Hohe Geldstrafen für Plastiktüten-Benutzer
Umweltbewusstsein nimmt in Afrika Fahrt auf. Doch Fortschritte gehen nur langsam voran. Länder wie Kenia und Ruanda stehen an der Spitze der Bemühungen auf dem Kontinent, die wachsende Plastikflut zu verhindern. In Kenia ist Fatoumatas Wunsch nach einer sauberen Umwelt auf dem Weg zur Realität: Plastiktüten sind seit einem Jahr verboten. Das Gesetz ist hart: Wer Plastiktüten herstellt, einführt oder benutzt, riskiert Gefängnisstrafen bis zu vier Jahren. Es kann umgerechnet über 30.000 Euro kosten, mit einer Plastiktüte erwischt zu werden. Und doch gelingt es immer wieder, Tüten in das Land zu schmuggeln.

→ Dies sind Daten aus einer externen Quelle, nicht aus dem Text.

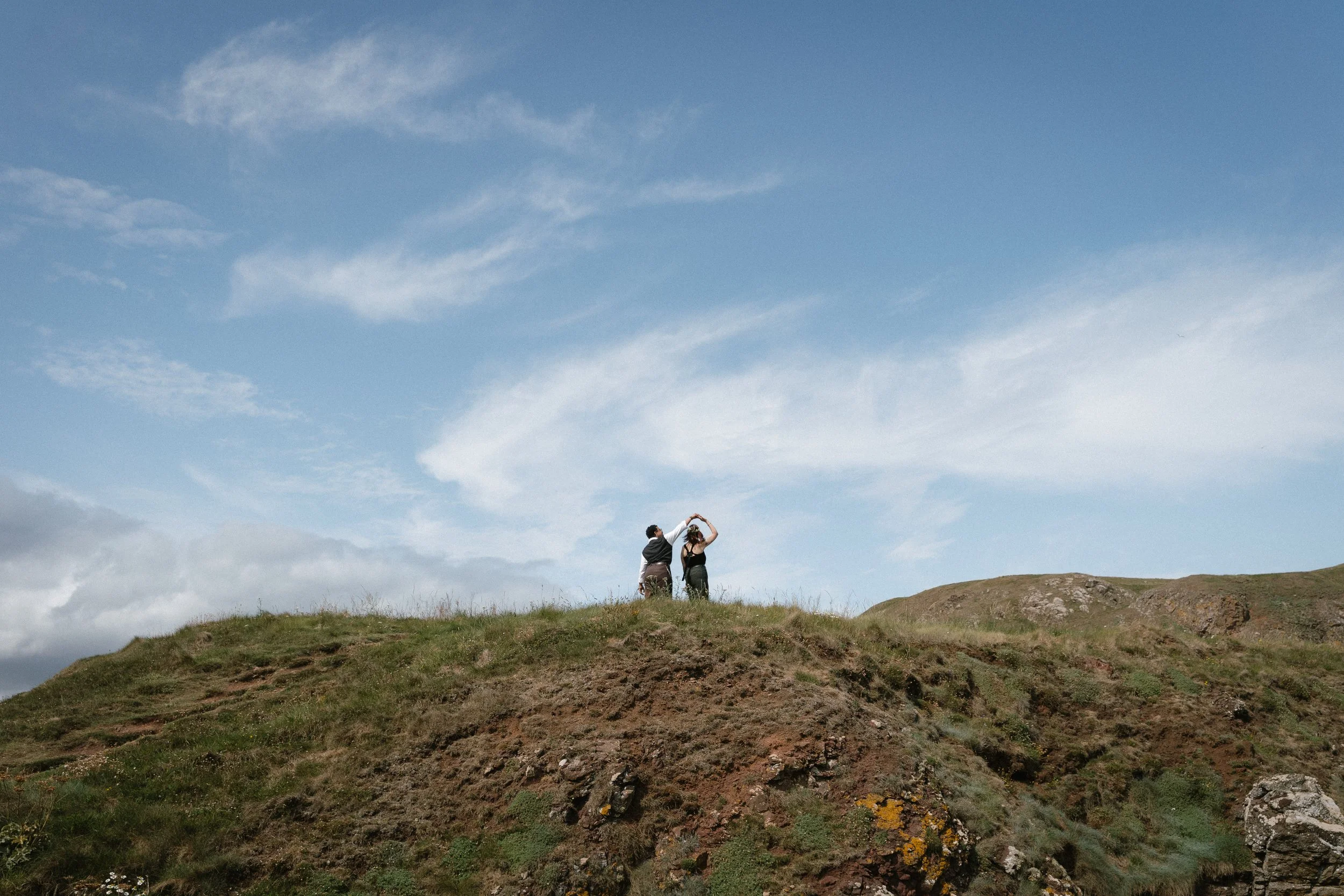 Two people standing on a grassy hilltop, holding hands above their heads against a blue sky with scattered clouds - captured by an Edinburgh wedding photographer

Dem UN-Umweltprogramm (UNEP) zufolge wurden in Kenia bis kurz vor dem Verbot pro Tag geschätzt rund 100 Millionen Plastiktüten allein von Supermärkten ausgegeben. "Der Fluss in der Hauptstadt Nairobi ist mit Plastiktüten verstopft", sagt Musonda Mumba, Chefin der Abteilung Landökosysteme bei UNEP in Nairobi. Doch die Abfälle kämen nicht alle von Kenianern: "Der Plastikmüll vor den Küsten stammt häufig sogar aus Asien. Es ist ein globales Problem", sagt sie im DW-Interview.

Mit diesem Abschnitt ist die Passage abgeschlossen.